O STJ não concordou com o entendimento do juiz e do Tribunal de Justiça porque reduz excessivamente a autonomia privada das partes — ou seja, o contrato entre cliente e advogado — conferindo ao magistrado o poder de decidir o que seria razoável e proporcional em relação aos serviços prestados.

Assim, se o contrato firmado entre as partes estipula que o pagamento dos honorários deve ser integralmente realizado no início da persecução penal, não há razão para alegar que o estágio preliminar das investigações afastaria a possibilidade de liberação desses honorários. Esse aspecto é plenamente decidido pelas partes envolvidas no contrato.

O direito à defesa e a importância da advocacia no Estado Democrático de Direito justificam uma interpretação do art. 24-A do Estatuto da Ordem dos Advogados do Brasil (EAOB) que valorize a relação contratual entre advogado e cliente, desde que lícita e sem indícios de fraude. Essa relação deve ser respeitada tanto quanto ao valor dos honorários quanto à forma de pagamento (como data de vencimento, parcelamento, entre outros aspectos).

A única limitação imposta pelo legislador é que a liberação dos valores para pagamento dos honorários não pode exceder 20% de todo o patrimônio bloqueado. Isso significa que os honorários advocatícios podem ser inferiores a 20% dos valores bloqueados; nesses casos, o valor liberado deve ser integral, pois não alcança o teto legal. Se os honorários ultrapassarem 20% do patrimônio bloqueado, a liberação será limitada a essa porcentagem, para assegurar que os bens bloqueados também possam ser utilizados para garantir outros interesses, como a reparação da vítima e a restituição de bens obtidos de forma ilícita.

Portanto, não cabe ao magistrado avaliar se o estágio inicial da persecução penal justifica o pagamento integral dos honorários, se isso foi acordado em contrato firmado entre as partes.

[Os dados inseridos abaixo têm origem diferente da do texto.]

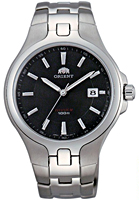Orient Titanium UN82001B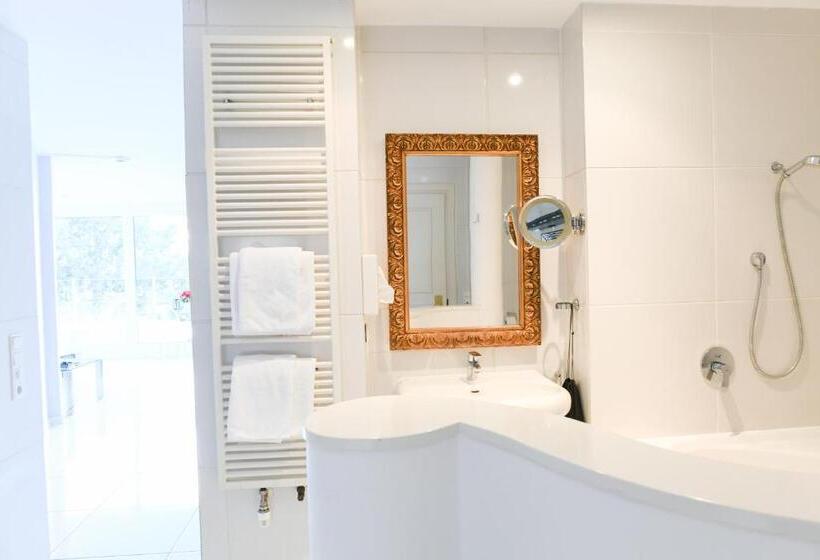 Студия Стандарт, Bamberger Hof Bellevue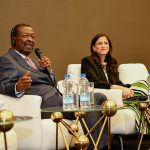 Kenya France Rally AU Support for Nairobi Summit Kenya France Rally AU Support for Nairobi Summit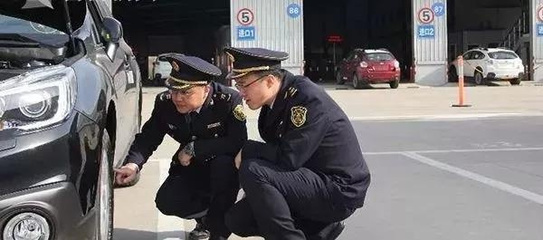 2018年新規(guī) 無“CCC”認(rèn)證標(biāo)志，進(jìn)口輪胎不得入境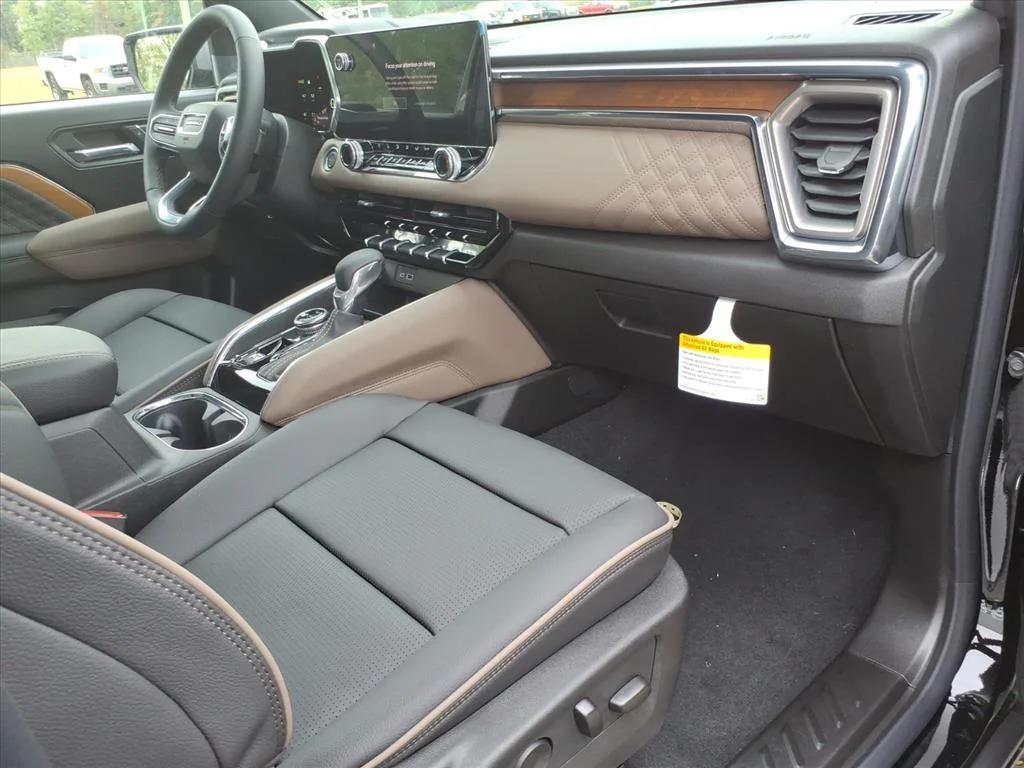 new 2026 GMC Canyon car, priced at $59,908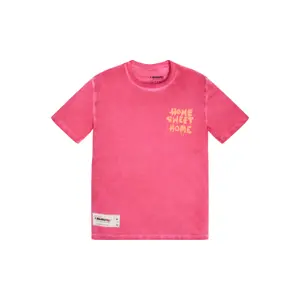 Child's T-shirt Guess Home Sweet Home image-1
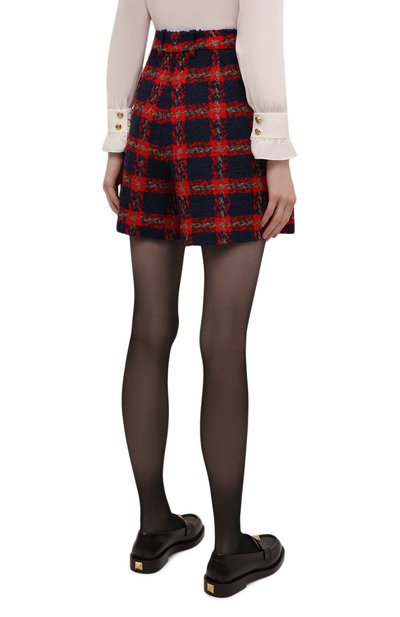 Шорты GUCCI, арт. 681239/ZAGLK, фото 4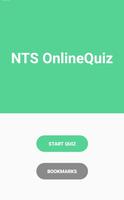 General Knowledge Quiz – NTS PPSC Test Preparation 포스터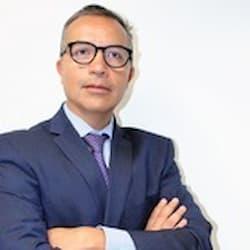Gerardo Aparicio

Por fim, se houver indícios concretos de fraude, como uma possível combinação entre o cliente e o advogado para estabelecer honorários fictícios com o objetivo de contornar o bloqueio de bens, o magistrado poderá, de forma fundamentada, aplicar uma exceção à regra e determinar a liberação de um valor inferior ao estipulado artificialmente.

 

Em suma:

Em caso de bloqueio universal dos bens do investigado, inexistindo indícios de fraude para estabelecer os honorários em montante fictício, há obrigatoriedade de se liberar o valor integral dos honorários advocatícios acordados entre as partes, desde que não ultrapassado o limite legal de 20% do patrimônio bloqueado. 

STJ. 5ª Turma. RMS 71.903-SP, Rel. Min. Joel Ilan Paciornik, julgado em 6/8/2024 (Info 820).